*** LISTED RECORDS Section Begins ***
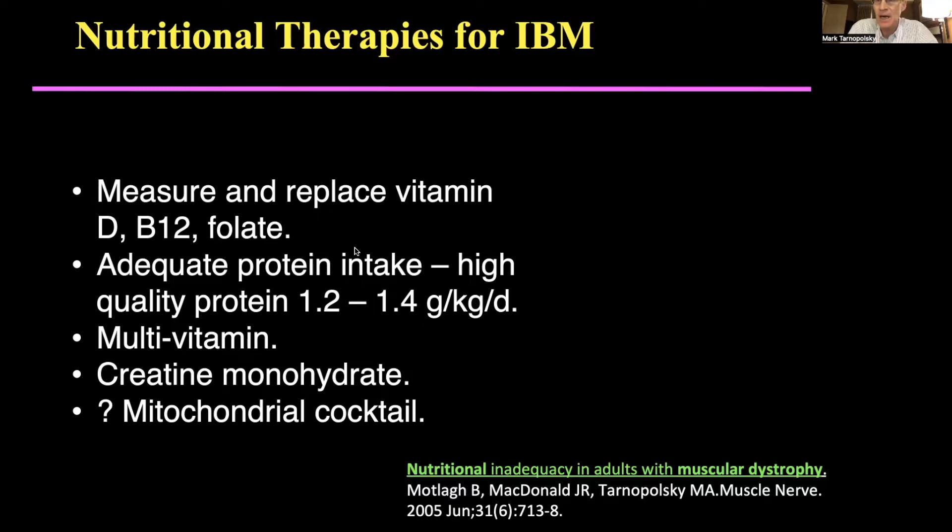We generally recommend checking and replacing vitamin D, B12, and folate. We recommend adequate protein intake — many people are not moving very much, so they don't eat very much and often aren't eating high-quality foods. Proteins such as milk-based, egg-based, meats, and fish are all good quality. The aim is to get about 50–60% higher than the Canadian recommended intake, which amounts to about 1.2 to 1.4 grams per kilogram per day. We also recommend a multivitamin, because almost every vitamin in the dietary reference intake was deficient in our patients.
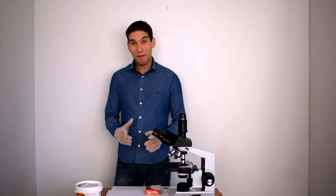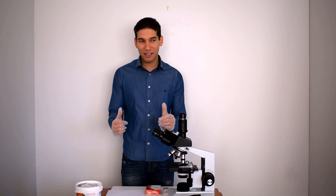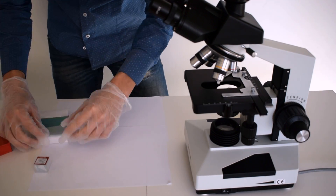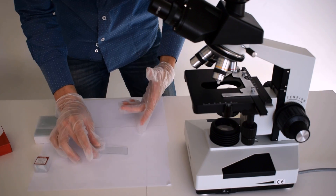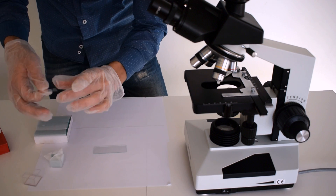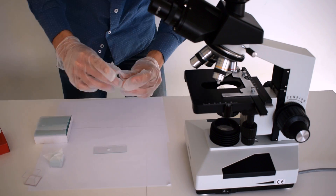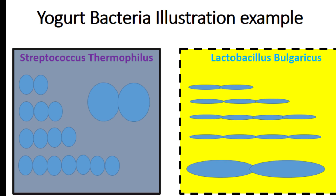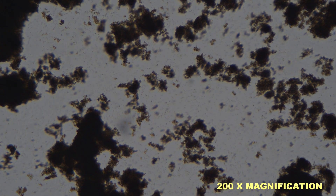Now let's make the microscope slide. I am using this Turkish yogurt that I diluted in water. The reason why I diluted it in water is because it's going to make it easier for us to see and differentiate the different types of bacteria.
*** LISTED RECORDS Section Ends ***
*** LISTED RECORDS Section Begins ***
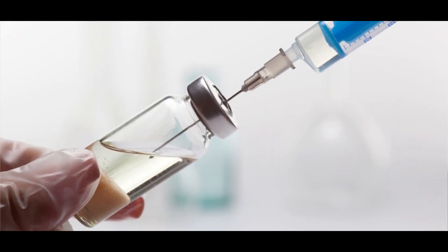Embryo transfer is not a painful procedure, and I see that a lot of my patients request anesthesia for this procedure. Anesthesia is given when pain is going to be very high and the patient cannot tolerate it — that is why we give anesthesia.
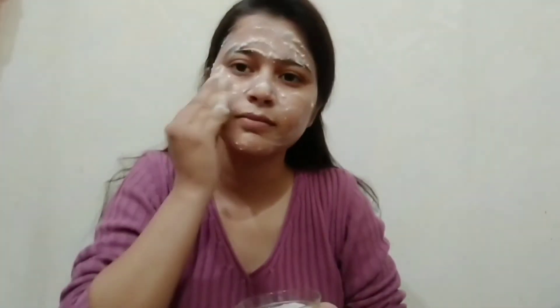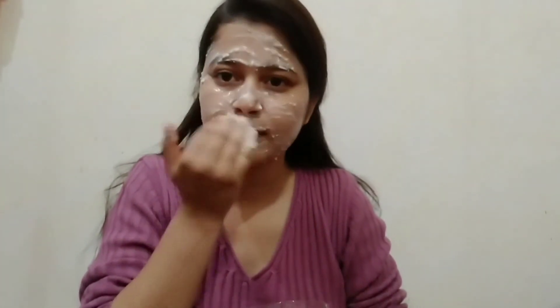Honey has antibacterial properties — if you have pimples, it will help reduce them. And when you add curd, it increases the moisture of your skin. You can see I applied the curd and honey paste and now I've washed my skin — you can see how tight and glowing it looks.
*** LISTED RECORDS Section Ends ***
WORK ITEM: Using the records above, print exactly the lines between the ones containing "We generally recommend" and "Now let's make", inclusive, and nothing else; no pictures.

PROBLEM SOLUTION:
We generally recommend checking and replacing vitamin D, B12, and folate. We recommend adequate protein intake — many people are not moving very much, so they don't eat very much and often aren't eating high-quality foods. Proteins such as milk-based, egg-based, meats, and fish are all good quality. The aim is to get about 50–60% higher than the Canadian recommended intake, which amounts to about 1.2 to 1.4 grams per kilogram per day. We also recommend a multivitamin, because almost every vitamin in the dietary reference intake was deficient in our patients.
Now let's make the microscope slide. I am using this Turkish yogurt that I diluted in water. The reason why I diluted it in water is because it's going to make it easier for us to see and differentiate the different types of bacteria.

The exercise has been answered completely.